Optical Character Recognition with Directed Acyclic Graph¶
This document demonstrates how to create and use an Optical Character Recognition (OCR) pipeline based on east-resnet50 text detection model, text-recognition combined with a custom node implementation.
Using such a pipeline, a single request to OVMS can perform a complex set of operations with a response containing recognized characters for all detected text boxes.
OCR Graph¶
Below is depicted the graph implementing complete OCR pipelines.
It includes the following nodes:
Model east-resnet50 - inference execution which takes the user image as input. It returns two outputs including information about all detected boxes, their location and scores.
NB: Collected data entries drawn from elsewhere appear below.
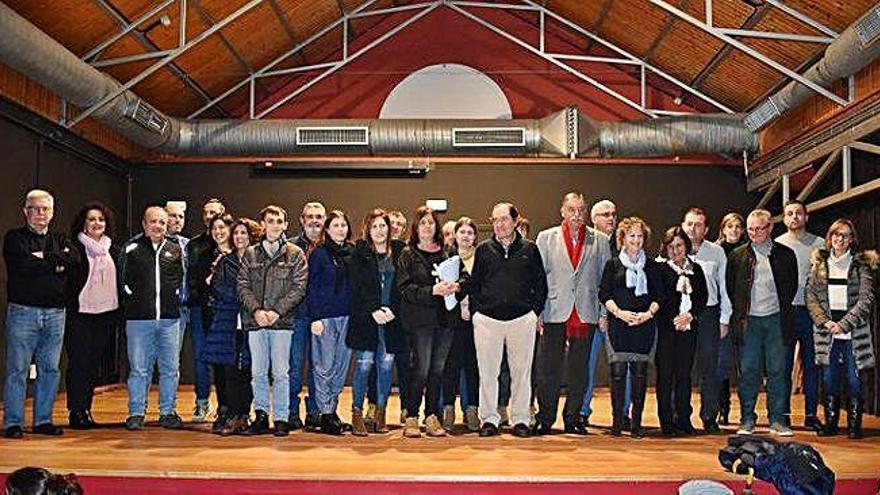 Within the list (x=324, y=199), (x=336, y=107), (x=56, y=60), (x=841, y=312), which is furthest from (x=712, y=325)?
(x=336, y=107)

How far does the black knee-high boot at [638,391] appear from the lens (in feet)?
17.7

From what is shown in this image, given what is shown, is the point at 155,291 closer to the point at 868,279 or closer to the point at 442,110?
the point at 868,279

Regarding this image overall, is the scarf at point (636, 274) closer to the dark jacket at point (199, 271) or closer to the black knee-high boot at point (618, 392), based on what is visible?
the black knee-high boot at point (618, 392)

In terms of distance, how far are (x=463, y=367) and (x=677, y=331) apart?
127cm

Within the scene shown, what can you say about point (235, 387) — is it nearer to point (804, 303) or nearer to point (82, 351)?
point (82, 351)

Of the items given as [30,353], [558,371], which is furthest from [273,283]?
[558,371]

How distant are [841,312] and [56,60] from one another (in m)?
5.71

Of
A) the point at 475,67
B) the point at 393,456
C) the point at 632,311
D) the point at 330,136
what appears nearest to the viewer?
Result: the point at 393,456

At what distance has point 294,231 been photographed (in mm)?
10719

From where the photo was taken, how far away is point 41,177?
26.8ft

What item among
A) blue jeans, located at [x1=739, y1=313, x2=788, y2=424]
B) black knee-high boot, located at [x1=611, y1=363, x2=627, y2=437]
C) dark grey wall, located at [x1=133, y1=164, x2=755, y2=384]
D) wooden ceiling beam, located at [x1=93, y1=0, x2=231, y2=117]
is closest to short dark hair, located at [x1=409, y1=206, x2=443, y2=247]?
black knee-high boot, located at [x1=611, y1=363, x2=627, y2=437]

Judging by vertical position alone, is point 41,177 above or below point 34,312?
above

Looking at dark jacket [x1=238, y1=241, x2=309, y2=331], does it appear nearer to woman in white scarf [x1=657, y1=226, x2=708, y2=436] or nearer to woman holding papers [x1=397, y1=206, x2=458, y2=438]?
woman holding papers [x1=397, y1=206, x2=458, y2=438]

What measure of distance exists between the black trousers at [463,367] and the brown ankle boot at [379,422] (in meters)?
0.37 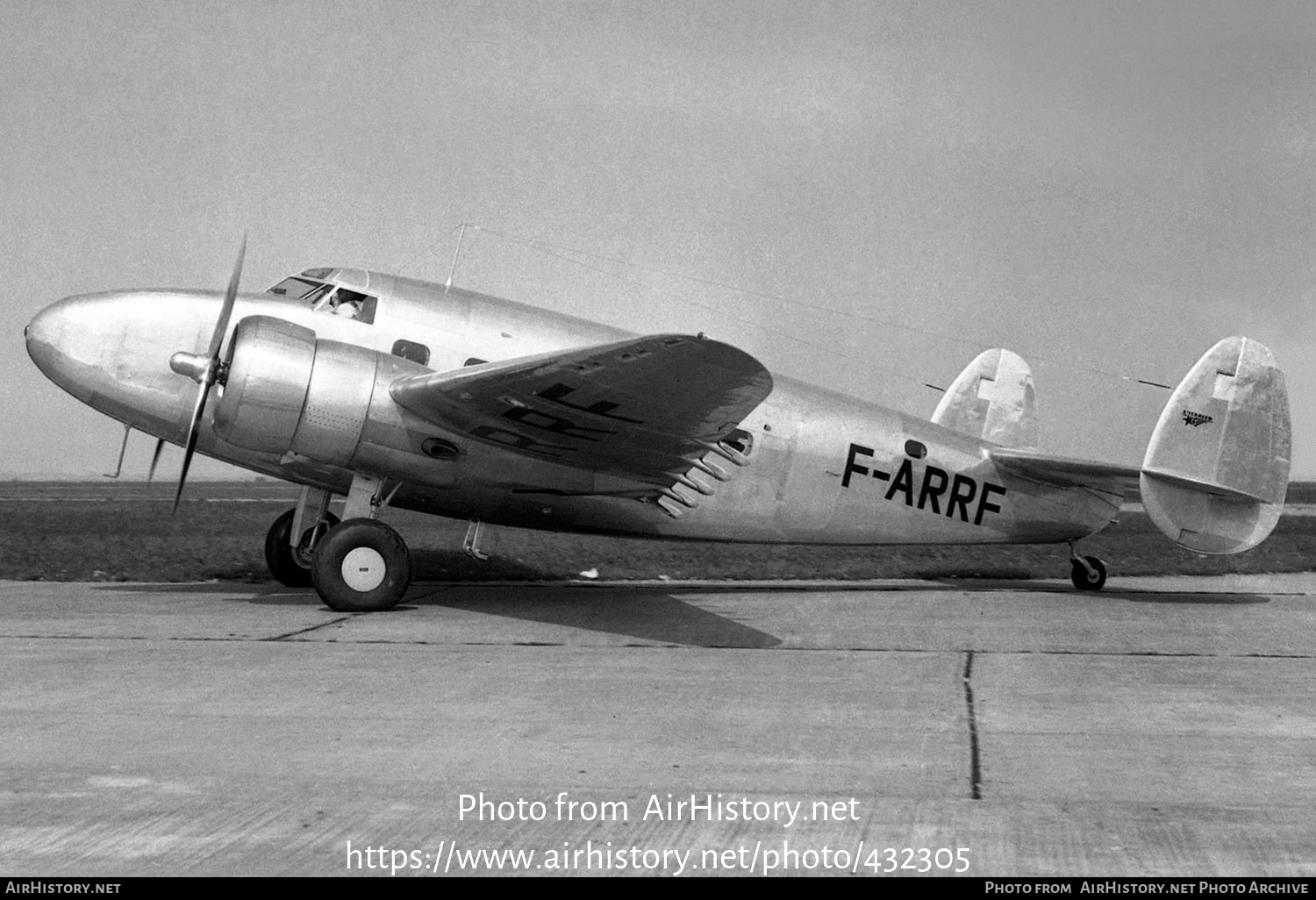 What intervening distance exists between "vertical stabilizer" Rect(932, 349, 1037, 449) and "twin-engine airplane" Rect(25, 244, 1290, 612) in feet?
0.10

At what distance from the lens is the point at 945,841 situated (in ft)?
14.6

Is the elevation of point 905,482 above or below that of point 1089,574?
above

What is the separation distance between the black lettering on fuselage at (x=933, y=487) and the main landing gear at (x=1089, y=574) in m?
1.97

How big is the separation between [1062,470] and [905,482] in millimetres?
2028

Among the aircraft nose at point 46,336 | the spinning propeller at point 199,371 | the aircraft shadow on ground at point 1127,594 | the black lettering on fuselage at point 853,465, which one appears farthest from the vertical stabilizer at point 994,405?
the aircraft nose at point 46,336

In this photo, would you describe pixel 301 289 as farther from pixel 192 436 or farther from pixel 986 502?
pixel 986 502

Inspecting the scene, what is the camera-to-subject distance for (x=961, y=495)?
1400 cm

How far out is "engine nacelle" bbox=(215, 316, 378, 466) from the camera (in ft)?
34.9

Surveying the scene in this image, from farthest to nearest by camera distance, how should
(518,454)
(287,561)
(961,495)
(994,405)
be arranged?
1. (994,405)
2. (961,495)
3. (287,561)
4. (518,454)

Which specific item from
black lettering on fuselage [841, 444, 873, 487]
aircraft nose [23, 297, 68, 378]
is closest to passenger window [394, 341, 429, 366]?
aircraft nose [23, 297, 68, 378]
Custom node east_ocr - it includes C++ implementation of east-resnet50 model results processing. It analyses the detected boxes coordinates, filters the results based on the configurable score level threshold and and applies non-max suppression algorithm to remove overlaping boxes. Finally the custom node east-ocr crops all detected boxes from the original image, resize them to the target resolution and combines into a single output of a dynamic batch size. The output batch size is determined by the number of detected boxes according to the configured criteria. All operations on the images employ OpenCV libraries which are preinstalled in the OVMS. Learn more about the east_ocr custom node
demultiplexer - output from the Custom node east_ocr have variable batch size. In order to match it with the sequential text detection model, the data is split into individuial images with batch size 1 each. Such smaller requests can be submitted for inference in parallel to the next Model Node. Learn more about the demultiplexing
Model text-recognition - this model recognizes characters included in the input image.
Response - the output of the whole pipeline combines the recognized
image_texts
with their metadata. The metadata are thetext_coordinates
and theconfidence_level
outputs.
Preparing the Models¶
East-resnet50 model¶
The original pretrained model for east-resnet50 topology is stored on https://github.com/argman/EAST in TensorFlow checkpoint format.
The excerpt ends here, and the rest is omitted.